I also paddle a rather ''old'' XT, (2007) and did experience a bit of slump posture for awhile when I recently returned to ski paddling
Not wanting to use any padding in the cockpit that would affect hip rotation, I approached the issue from the side of the foot well.
First, I added heel pads, cut from SUP traction pads. This would enhance contact with the foot braces, since the angle of the XT foot braces is not right for my limited ankle dorsiflexion. Since I have tight calves, the rather vertical angle of my XT's foot braces would force my feet into pronation and rotate my legs, and for instance, my pelvis out of neutral. The heel pads solved this issue, the pelvis remains neutral and no slumping happens.
Second, I've placed attention to hamstring stretching, and pelvic position awareness training.
Sitting on the bare floor, I would achieve a neutral pelvis, measure the resulting knee flexion that my hamstrings would allow, and extrapolate these measurements and position to my ski foot brace adjustment.

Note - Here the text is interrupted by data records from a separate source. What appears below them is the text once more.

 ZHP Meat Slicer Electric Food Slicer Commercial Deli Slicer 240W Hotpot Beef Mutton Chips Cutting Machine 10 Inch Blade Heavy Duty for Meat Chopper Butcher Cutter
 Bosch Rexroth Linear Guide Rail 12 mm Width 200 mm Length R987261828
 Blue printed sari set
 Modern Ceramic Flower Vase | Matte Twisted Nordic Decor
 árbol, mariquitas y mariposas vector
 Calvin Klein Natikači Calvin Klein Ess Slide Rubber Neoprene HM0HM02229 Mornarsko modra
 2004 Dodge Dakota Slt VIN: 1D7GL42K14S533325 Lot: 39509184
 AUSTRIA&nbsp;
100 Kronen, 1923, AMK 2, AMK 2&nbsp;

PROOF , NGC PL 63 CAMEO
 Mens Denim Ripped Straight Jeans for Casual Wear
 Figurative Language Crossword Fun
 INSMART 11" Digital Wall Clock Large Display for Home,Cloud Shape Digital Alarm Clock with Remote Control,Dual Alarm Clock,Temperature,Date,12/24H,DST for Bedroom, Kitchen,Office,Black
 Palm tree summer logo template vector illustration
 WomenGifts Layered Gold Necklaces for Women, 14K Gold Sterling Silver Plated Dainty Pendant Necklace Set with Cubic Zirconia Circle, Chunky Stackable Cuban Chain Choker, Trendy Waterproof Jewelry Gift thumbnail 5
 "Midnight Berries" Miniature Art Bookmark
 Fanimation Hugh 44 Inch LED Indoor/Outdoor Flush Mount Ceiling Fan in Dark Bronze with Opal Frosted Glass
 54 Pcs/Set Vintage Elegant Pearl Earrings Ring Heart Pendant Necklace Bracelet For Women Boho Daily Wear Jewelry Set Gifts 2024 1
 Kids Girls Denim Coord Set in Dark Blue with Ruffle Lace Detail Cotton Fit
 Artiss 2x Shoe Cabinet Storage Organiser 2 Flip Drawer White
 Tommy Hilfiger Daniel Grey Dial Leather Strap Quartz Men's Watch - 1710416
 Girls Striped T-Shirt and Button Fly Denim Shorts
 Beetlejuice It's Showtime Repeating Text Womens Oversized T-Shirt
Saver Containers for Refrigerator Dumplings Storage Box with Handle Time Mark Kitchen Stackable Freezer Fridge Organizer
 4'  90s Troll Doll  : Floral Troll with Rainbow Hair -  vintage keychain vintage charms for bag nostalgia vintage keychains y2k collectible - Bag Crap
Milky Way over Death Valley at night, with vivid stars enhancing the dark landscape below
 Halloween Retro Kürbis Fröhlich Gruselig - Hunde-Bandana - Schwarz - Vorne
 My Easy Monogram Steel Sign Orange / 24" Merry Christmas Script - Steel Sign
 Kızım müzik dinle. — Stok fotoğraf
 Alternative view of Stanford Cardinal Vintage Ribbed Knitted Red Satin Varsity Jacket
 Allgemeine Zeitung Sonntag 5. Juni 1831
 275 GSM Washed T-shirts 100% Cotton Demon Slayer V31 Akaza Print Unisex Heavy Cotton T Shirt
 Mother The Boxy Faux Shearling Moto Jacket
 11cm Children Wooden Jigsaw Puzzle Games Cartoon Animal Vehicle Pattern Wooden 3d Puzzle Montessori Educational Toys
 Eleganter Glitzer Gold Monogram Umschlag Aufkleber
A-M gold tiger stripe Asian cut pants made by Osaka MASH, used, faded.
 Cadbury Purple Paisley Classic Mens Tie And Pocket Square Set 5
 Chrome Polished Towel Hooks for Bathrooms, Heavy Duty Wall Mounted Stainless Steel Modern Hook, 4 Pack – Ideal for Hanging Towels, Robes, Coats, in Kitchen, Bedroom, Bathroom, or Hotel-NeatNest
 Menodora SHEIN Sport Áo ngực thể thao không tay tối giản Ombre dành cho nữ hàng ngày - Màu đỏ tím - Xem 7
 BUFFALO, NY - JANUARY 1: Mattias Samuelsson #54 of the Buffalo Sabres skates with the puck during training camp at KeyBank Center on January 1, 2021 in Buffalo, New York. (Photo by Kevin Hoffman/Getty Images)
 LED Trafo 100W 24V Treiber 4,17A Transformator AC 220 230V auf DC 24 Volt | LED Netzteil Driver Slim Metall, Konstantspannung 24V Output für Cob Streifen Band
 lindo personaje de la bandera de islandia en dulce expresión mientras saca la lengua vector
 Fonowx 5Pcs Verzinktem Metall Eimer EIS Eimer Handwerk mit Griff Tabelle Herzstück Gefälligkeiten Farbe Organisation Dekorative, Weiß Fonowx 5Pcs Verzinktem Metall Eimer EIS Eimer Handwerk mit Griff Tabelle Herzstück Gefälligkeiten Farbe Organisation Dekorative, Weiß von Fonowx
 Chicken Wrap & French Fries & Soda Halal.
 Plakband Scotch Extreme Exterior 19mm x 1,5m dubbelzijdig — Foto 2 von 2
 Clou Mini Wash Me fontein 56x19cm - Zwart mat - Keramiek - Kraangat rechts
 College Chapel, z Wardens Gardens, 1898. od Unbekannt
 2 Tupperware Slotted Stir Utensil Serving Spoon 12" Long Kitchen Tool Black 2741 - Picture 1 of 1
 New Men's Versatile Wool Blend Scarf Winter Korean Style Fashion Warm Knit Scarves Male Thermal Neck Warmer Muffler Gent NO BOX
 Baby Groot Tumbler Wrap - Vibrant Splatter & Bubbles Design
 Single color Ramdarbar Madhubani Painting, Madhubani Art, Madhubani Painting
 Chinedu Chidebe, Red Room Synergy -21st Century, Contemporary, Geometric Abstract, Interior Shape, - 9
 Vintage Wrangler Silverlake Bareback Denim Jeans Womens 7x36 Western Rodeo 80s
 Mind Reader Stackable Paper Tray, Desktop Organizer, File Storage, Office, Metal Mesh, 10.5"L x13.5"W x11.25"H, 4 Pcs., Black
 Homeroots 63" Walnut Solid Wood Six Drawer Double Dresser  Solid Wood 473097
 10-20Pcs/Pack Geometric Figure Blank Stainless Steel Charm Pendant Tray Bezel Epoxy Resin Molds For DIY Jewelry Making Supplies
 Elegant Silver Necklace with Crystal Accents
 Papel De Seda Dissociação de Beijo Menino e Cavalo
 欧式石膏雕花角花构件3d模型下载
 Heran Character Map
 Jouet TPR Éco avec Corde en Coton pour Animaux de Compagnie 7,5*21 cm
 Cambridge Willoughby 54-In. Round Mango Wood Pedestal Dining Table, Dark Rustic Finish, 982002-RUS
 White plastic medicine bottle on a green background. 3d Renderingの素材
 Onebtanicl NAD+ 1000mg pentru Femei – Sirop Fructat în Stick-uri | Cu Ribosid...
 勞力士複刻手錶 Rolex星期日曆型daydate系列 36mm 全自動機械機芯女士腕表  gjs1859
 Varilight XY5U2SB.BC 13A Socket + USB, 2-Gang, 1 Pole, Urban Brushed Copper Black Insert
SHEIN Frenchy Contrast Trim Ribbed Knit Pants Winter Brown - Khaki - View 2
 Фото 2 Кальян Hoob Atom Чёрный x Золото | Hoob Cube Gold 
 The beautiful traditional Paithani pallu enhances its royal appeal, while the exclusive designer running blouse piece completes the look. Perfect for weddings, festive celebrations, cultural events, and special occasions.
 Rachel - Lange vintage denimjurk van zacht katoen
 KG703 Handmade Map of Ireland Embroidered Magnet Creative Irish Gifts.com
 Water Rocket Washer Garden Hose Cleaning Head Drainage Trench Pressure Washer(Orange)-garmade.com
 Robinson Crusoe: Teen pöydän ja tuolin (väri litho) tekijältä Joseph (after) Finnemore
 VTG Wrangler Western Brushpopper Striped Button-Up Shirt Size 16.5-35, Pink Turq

Sitting exercises to further increase tolerance to the neutral pelvic position were added. As an example, stretch band row, vertical rows with a weighted bar and over head pullover to further challenge the neutral pelvic posture.
Once paddling, I remain in constant contact with the foot brace, since this eases the attainment of neutral pelvic position.
This has worked for me. Maybe the heel angle is not your issue. But finding, and attaining and holding neutral pelvic position, might save your spine from future issues.
Regards
JD

Simple, not easy.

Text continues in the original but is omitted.